New and growing well-documented, feature-complete I2C device library

In terms of doing a slave module, I feel that it would be best to do it like I2C EEPROM:

On construction / init: User passes object a pointer to a preallocated buffer and the length of the buffer
On master write: first byte or first word (depending on how you want to do it) parks read pointer at a specified index
Any further bytes sent are added sequentially starting from pointer to the buffer.
For ex: (using word addressing)
START 0x00 0x00 0x01 STOP
would write 0x01 to buf[0]
START 0x00 0x02 0x01 0x02 0x03 STOP
would write 0x01 to buf[0x02], 0x02 to buf[0x03], and so on.

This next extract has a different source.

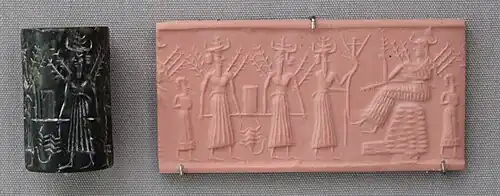 Sceau-cylindre et impression mettant en scène des divinités de la végétation en procession devant une déesse de la végétation. British Museum.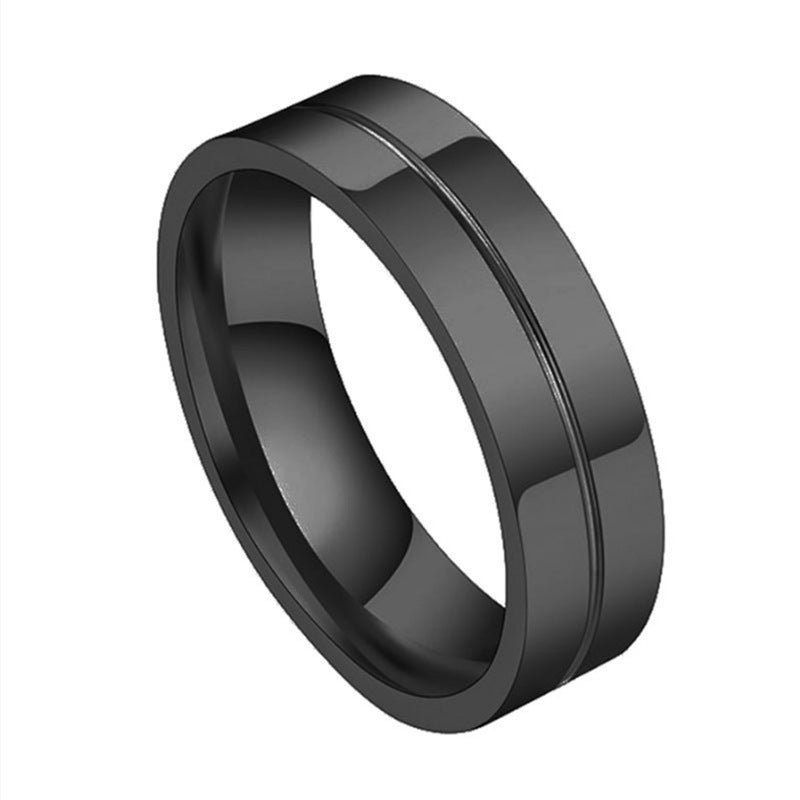 Simple ligne de voiture hommes en acier Titanium bague de couple Zircon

On master read: return sequential data starting from where the read pointer was parked in the previous write, incrementing index each time
If overflow (master wants to read past length - 1) continue to return last byte

I think that this mostly removes the need for various protocols: it also has the advantage of the ability to pass a struct into the byte* instead of an array, which makes it very easy to use after initial set up.

Another suggestion is to include a detect method for devices with multiple possible addresses. This method would return true if the start byte is ACKed, and false otherwise - that way it can dynamically get the actual address to use.

for ex:
Device can be at 0x4A or 0x4B

0x4A(W) -> no ACK move to 0x4B
0x4B(W) -> ACK use 0x4B for future communications.